As a first suggestion I'd say you should run this by the designers at Lowes, Home Depot or other cabinet supplier. They run into these situations all the time and most likely have several solutions. That said...

Am I correct in reading that you want a door on the outside of the peninsula, at the uppermost arrow, near the 3.75? if so, that would definately require some custom work, as base cabinets typically have a drawer at the top and I have to assume you wouldn't want a drawer there. To be honest, I'm not sure you would even want a door there. It just wouldn't look right to have the blank panel on that side of the peninsula with a door all the way at the end. A better soution would be to use a 21" cabinet at the outer end of the peninsula and what's called a "half blind" cabinet at the end toward the sink, with the same size door as the 21. The half blind cabinet would be a custom size. 
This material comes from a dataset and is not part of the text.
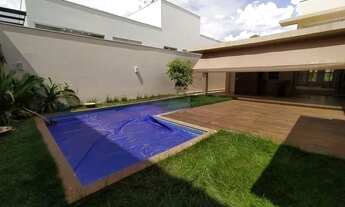 Imagem 3: Casa em condomínio para aluguel, 3 quartos, 3 suítes, 3 vagas, Nova Uberlândia - Uberlândi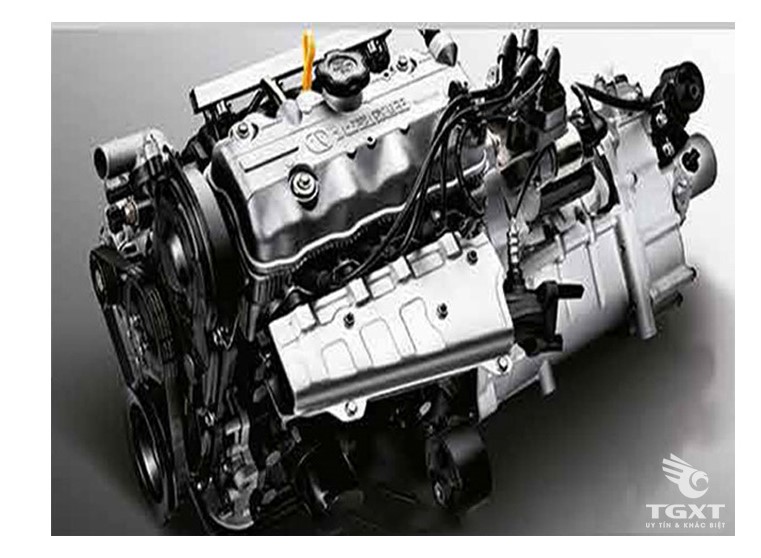 Xe Tải Van Kenbo 2 Chỗ 950Kg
See the standard dimentions here: http://www.kitchencabinetmart.com/kitchen_cabinet_sizes.htm


----------



## inspectorD (Jan 27, 2008)

I would install it just as you have shown. The cabinet door access areas are best where you have them. The plumbing wall can have a paint job or a similar wood filler installed at the base. 
The counter can be notched around, it only creates an issue at the upper cabinets , if you have them. Just make it shorter or install a custom open shelf unit which is notched around.
There are plenty of other options but that is the most cost effective, and aesthetically pleasing.


----------



## Browse (Jan 27, 2008)

Wow...thanks for the fast replies!  What a great community this is!

I like the idea of an 18" base cabinet (with a filler) against the bumpout, I guess the key is to line the edge up with the front of the sink cabinet like you said.  That makes sense.

The drawing also doesn't show a two sided (double access) peninsula cabinet (which would be right next to the 18" cabinet)...I left that arrow out by mistake.  The last cabinet on the end would be the trash pullout, and on the opposite side, we'd put a fake door panel to match the other two cabinets on that side of the peninsula.  We like the idea of accessible cabinets on that side as this is where the eat-in table will be.

The countertops will be custom cut Silestone or granite...we're not sure which yet.  Any recommendations on which is a better surface?  We're leaning towards the Silestone because it doesn't need to be sealed and the colors can be more uniform than granite.  I'm pretty sure both will handle hot pans without the need for a trivet.


----------



## Browse (Jan 27, 2008)

I found a blind peninsula base from KraftMaid that might fit the bill.  What do you guys think of this as a possible solution?  Just not sure about the gap formed by the sink base toe kick and the blind base toe kick...seems there'd be a gap.  ALso, would't I have to get a deeper sink cabinet for the blind to line up due to the bump out?


----------



## guyod (Jan 27, 2008)

I though of that cabinet but it is designed to sit flush against the wall not with your 3.75'' bump out. The area to the right of the small door is 24'' wide..  even if they do leave you a couple extra inches of finished framing. its not as common.


----------



## guyod (Jan 27, 2008)

If you are planning on selling your house soon or just cant get over the wow factor of granite then go for it. but i hear it scratches to easy


----------



## ToolGuy (Jan 27, 2008)

One on my clients got a Silestone countertop and I really like it. It seems a lot warmer to the touch than granite, and gave the whole kitchen a softer, more comfortable feeling. I think granite is like a nice old song that's been overplayed, and a just the phrase "Granite Counter Tops" means _about average_.


----------



## Petra design (Jan 19, 2010)

Set bases as shown add a filer from sink base to peninsula let the counter-tops guy make top to fit around bump-out.


----------